▶ [What is needed]: Would you reproduce, word for word, only the lines running from the top of the data through the line containing "TV-SCHRANK Modern Hochglanzschwarz", and none of the pictures?

[Records from a data collection]
◇ ◇ ◇ ◇ ◇ ◇ ◇
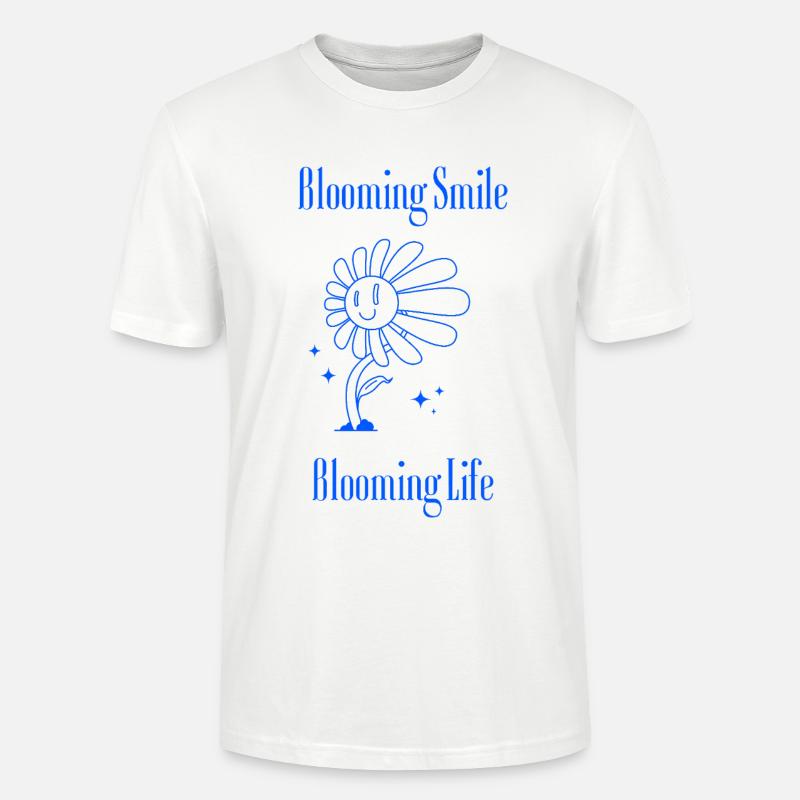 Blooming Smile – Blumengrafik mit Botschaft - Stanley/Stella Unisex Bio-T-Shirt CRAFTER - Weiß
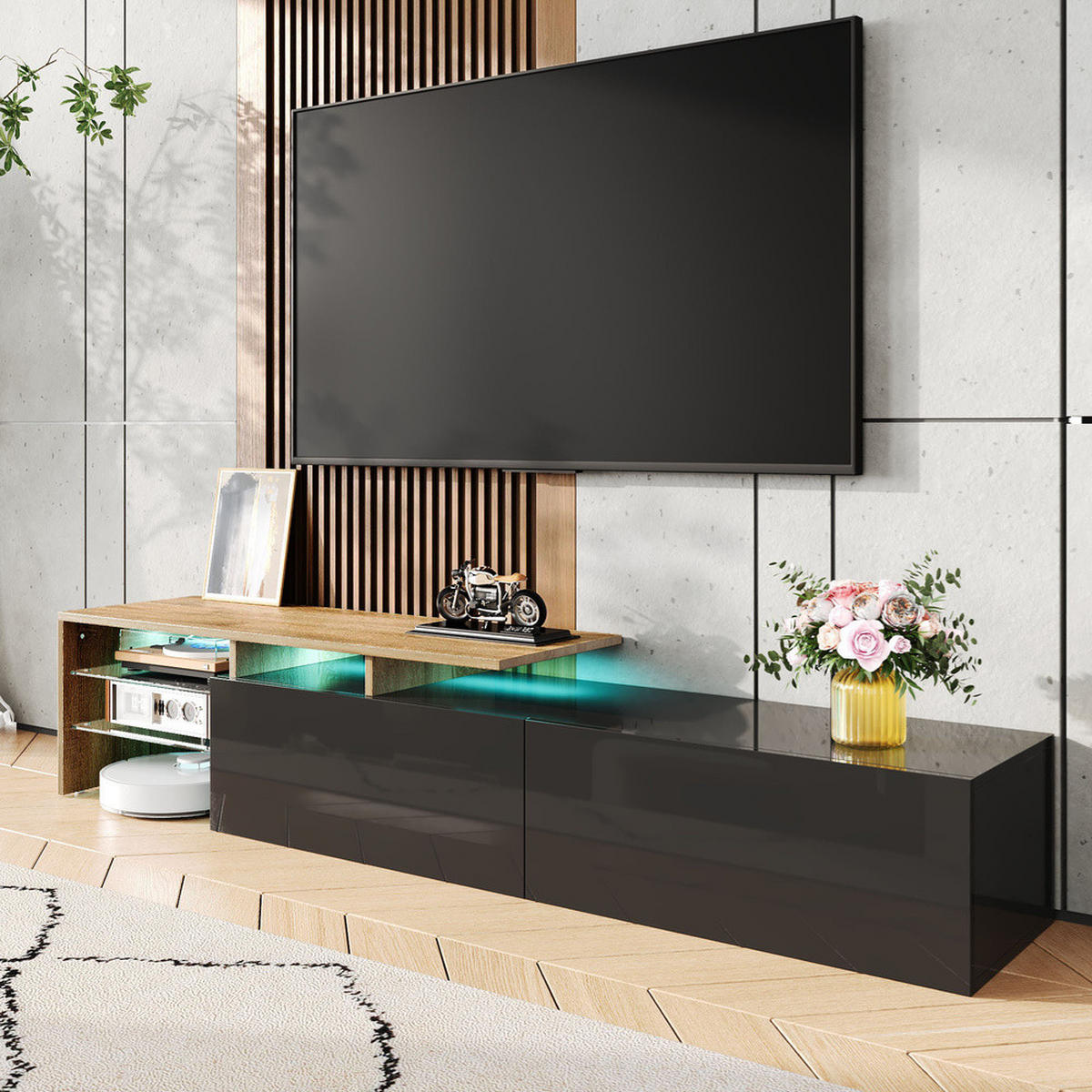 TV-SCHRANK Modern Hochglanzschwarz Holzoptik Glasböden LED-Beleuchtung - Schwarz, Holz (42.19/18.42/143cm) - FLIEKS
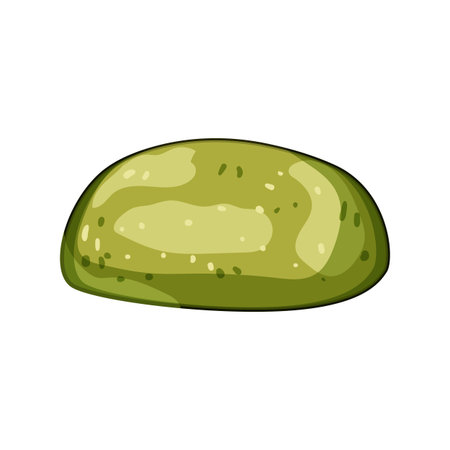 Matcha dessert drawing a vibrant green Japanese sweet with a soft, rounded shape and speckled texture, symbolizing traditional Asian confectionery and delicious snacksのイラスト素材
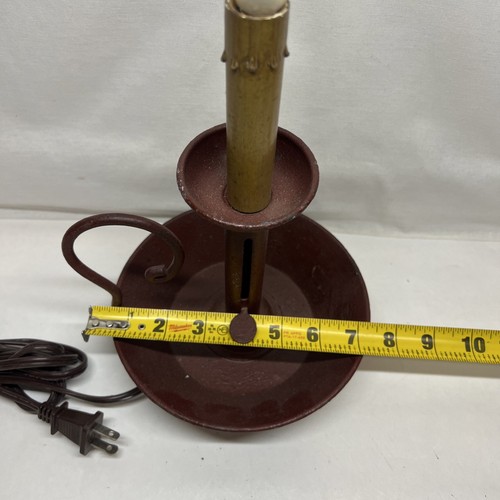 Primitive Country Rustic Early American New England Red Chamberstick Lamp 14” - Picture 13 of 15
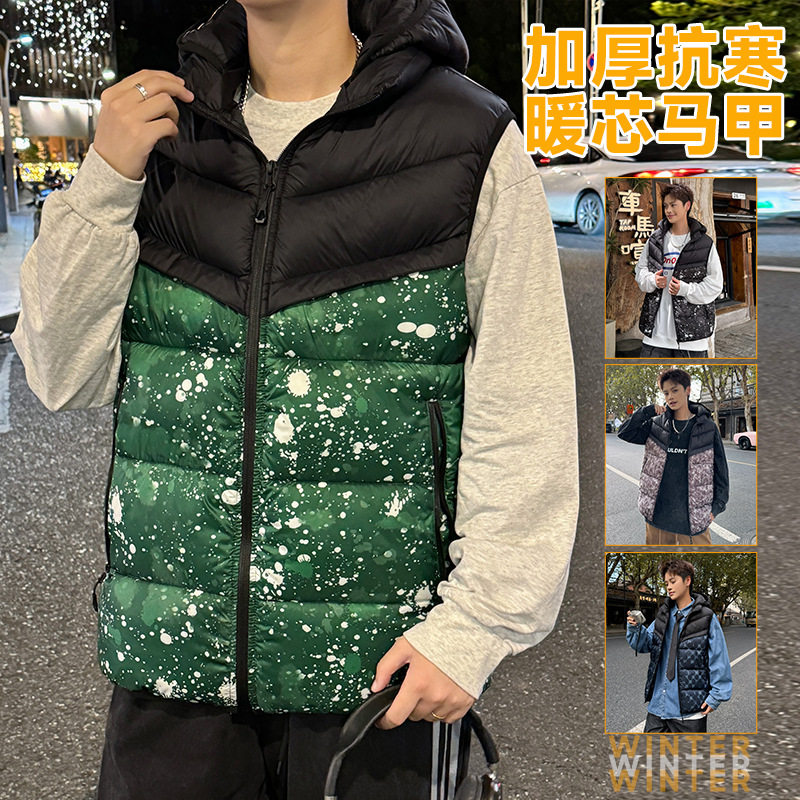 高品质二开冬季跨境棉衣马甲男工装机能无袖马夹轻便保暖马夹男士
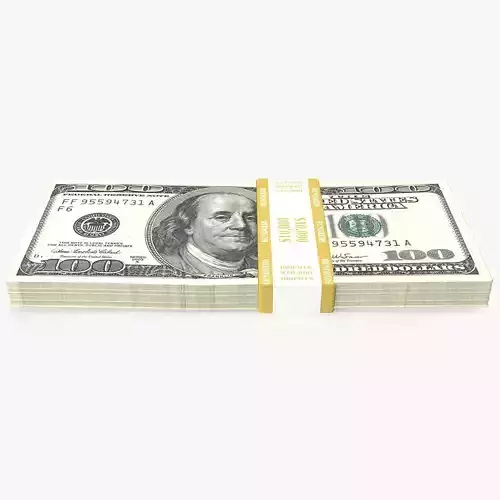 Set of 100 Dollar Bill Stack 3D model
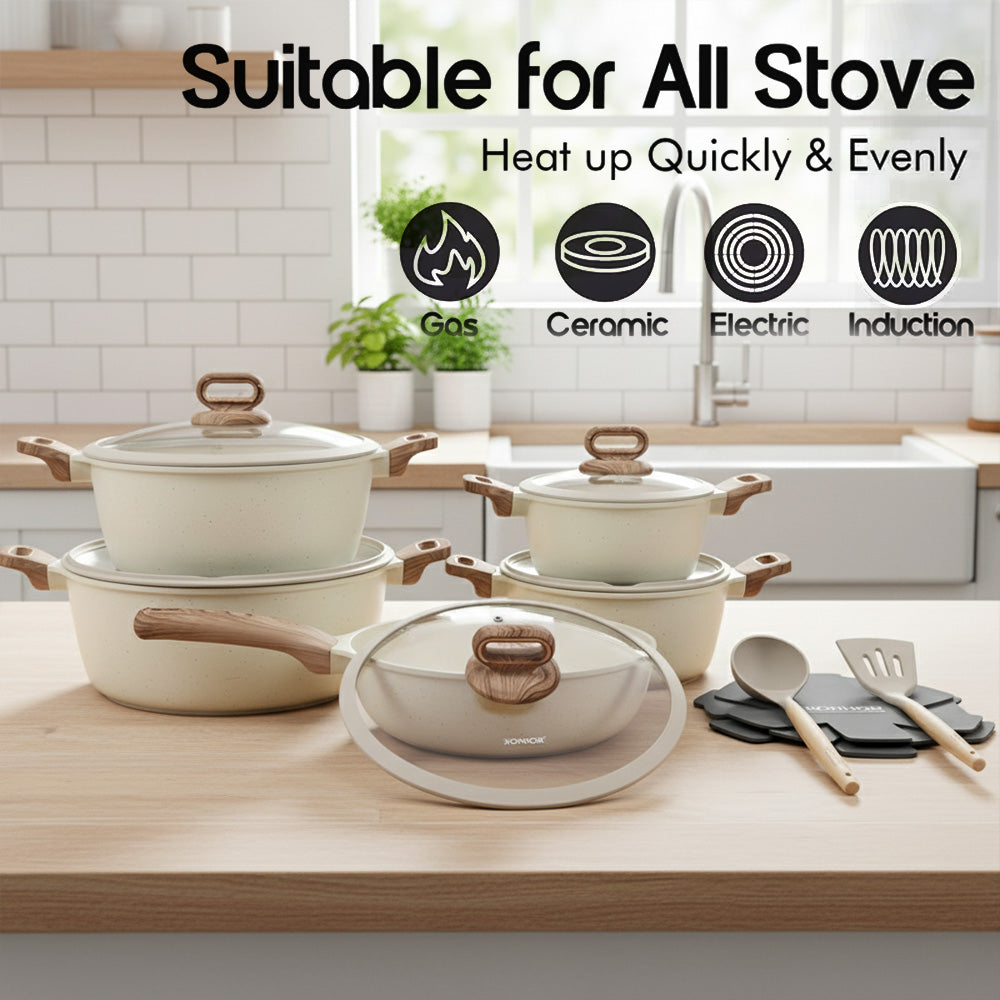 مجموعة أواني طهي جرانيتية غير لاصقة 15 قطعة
◇ ◇ ◇ ◇ ◇ ◇ ◇
▶ [Completed exercise]:
 Blooming Smile – Blumengrafik mit Botschaft - Stanley/Stella Unisex Bio-T-Shirt CRAFTER - Weiß
 TV-SCHRANK Modern Hochglanzschwarz Holzoptik Glasböden LED-Beleuchtung - Schwarz, Holz (42.19/18.42/143cm) - FLIEKS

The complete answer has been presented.